# Where to ACTIVATE audio input in Win Vista?



## nil_3 (Jun 18, 2008)

Whenever I want to record audio in my system, it says,
"The audio input is not activated. Recording audio is not possible. Please check your input configuration"

From where to ACTIVATE audio input. My OS is Win Vista Ultimate with SigmaTel Audio codec.


----------



## s18000rpm (Jun 18, 2008)

*img209.imageshack.us/img209/511/descapturevg8.th.jpg

if you're using mic. for recording, make sure which mic. u using.
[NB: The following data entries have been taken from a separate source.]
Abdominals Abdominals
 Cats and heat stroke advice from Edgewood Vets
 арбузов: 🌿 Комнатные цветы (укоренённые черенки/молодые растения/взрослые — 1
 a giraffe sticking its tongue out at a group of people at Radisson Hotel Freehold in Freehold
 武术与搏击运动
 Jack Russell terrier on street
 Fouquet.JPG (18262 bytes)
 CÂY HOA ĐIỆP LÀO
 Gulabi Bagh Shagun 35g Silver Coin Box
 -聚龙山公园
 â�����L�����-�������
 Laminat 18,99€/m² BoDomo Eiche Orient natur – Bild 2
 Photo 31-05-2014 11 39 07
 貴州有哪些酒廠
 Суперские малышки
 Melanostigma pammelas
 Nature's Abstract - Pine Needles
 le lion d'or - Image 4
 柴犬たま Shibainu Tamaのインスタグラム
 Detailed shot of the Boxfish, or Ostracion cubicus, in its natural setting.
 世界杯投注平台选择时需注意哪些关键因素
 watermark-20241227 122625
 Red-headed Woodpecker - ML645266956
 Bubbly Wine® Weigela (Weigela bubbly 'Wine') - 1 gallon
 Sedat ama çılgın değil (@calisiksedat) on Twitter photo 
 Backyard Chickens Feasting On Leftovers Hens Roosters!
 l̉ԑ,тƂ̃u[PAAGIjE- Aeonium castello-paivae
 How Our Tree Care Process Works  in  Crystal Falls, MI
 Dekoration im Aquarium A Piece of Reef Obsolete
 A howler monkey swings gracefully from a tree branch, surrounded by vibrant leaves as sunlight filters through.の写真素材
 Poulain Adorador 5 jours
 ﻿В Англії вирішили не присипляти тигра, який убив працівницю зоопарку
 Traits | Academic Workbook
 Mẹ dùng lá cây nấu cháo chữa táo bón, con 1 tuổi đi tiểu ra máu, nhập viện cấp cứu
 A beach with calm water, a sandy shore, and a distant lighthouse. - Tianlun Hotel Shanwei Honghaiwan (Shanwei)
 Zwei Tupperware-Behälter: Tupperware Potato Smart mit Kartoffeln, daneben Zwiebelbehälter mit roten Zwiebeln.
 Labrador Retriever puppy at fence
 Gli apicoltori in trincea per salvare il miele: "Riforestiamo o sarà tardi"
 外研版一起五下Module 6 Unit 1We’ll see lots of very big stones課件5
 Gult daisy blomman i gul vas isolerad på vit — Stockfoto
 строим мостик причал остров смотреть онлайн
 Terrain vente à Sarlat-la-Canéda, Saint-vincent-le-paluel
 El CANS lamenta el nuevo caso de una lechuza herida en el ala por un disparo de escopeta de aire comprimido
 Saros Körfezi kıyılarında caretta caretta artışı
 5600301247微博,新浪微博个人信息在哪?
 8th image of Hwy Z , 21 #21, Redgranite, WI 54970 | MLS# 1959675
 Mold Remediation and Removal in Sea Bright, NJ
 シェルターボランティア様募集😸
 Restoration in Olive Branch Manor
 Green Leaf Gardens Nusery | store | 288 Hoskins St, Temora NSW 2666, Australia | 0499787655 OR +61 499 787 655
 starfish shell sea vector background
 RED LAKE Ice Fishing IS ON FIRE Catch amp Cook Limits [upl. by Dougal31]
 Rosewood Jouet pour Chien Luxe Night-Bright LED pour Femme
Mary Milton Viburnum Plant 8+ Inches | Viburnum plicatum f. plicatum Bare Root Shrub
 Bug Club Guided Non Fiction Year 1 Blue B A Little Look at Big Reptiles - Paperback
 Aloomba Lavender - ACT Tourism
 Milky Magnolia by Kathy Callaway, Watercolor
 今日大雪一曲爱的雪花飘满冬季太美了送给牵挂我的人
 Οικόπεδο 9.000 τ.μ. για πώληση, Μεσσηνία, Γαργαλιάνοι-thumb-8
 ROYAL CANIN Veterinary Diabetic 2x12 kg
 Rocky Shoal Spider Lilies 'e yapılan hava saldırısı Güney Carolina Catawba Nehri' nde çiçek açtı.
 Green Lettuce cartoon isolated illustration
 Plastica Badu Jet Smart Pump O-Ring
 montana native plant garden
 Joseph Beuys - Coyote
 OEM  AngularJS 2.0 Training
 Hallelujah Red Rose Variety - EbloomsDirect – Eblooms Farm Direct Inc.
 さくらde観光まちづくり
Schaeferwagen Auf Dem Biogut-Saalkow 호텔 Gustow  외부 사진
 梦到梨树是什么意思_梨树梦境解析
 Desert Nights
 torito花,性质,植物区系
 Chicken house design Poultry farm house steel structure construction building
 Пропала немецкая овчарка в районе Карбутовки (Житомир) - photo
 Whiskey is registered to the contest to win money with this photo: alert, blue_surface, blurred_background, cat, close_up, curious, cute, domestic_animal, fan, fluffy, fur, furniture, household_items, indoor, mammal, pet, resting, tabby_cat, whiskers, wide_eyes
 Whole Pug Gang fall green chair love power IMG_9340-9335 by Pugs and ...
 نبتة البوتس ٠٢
i.e., "connected to front of cabinet or back."


----------



## dheeraj_kumar (Jun 18, 2008)

If its front, try putting it on the back. Your front cables might not be connected.


----------



## nil_3 (Jun 19, 2008)

Actually I want to record something by playing it in my system itself, not from any external source with microphone. From where should I activate?


----------



## nil_3 (Jun 22, 2008)

Somebody reply please. How can I ACTIVATE audio input in Win Vista? I want to record something by playing it in my system itself, not from any external source with microphone.


----------



## Krazy_About_Technology (Jun 22, 2008)

OK, heres what you should do. To record from the audio playing in your system, you must use the "Sereo Mix" device. Right click on the speaker icon in the system tray and choose Recording devices. In the dialog that opens up, there is a list of audio recording devices. There must be a mic device, a line in device at least. If stereo mix is not visible, right click on the list of devices, in the empty space somewhere and choose "show disconnected device" and "show disabled devices". This should show up Stereo Mix device besides many others like Aux etc. Now right click the streo mix device and choose Enable and then again choose "Set as default device". Now you are ready to go. Check the device's volume level and other properties by double clicking it. Then click OK to close the dialog.

Open up any recording program, for example, i use Audacity. Choose the stereo mix device for recording, whereever it is present. For Audacity its on the main interface as well as in the preferences menu.

I hope this will solve your query. Cheers!


----------



## nil_3 (Jun 23, 2008)

Thanx a lot Krazy_About_Technology. Now I can do it. Thanx again!


----------



## Krazy_About_Technology (Jun 24, 2008)

^My pleasure buddy


----------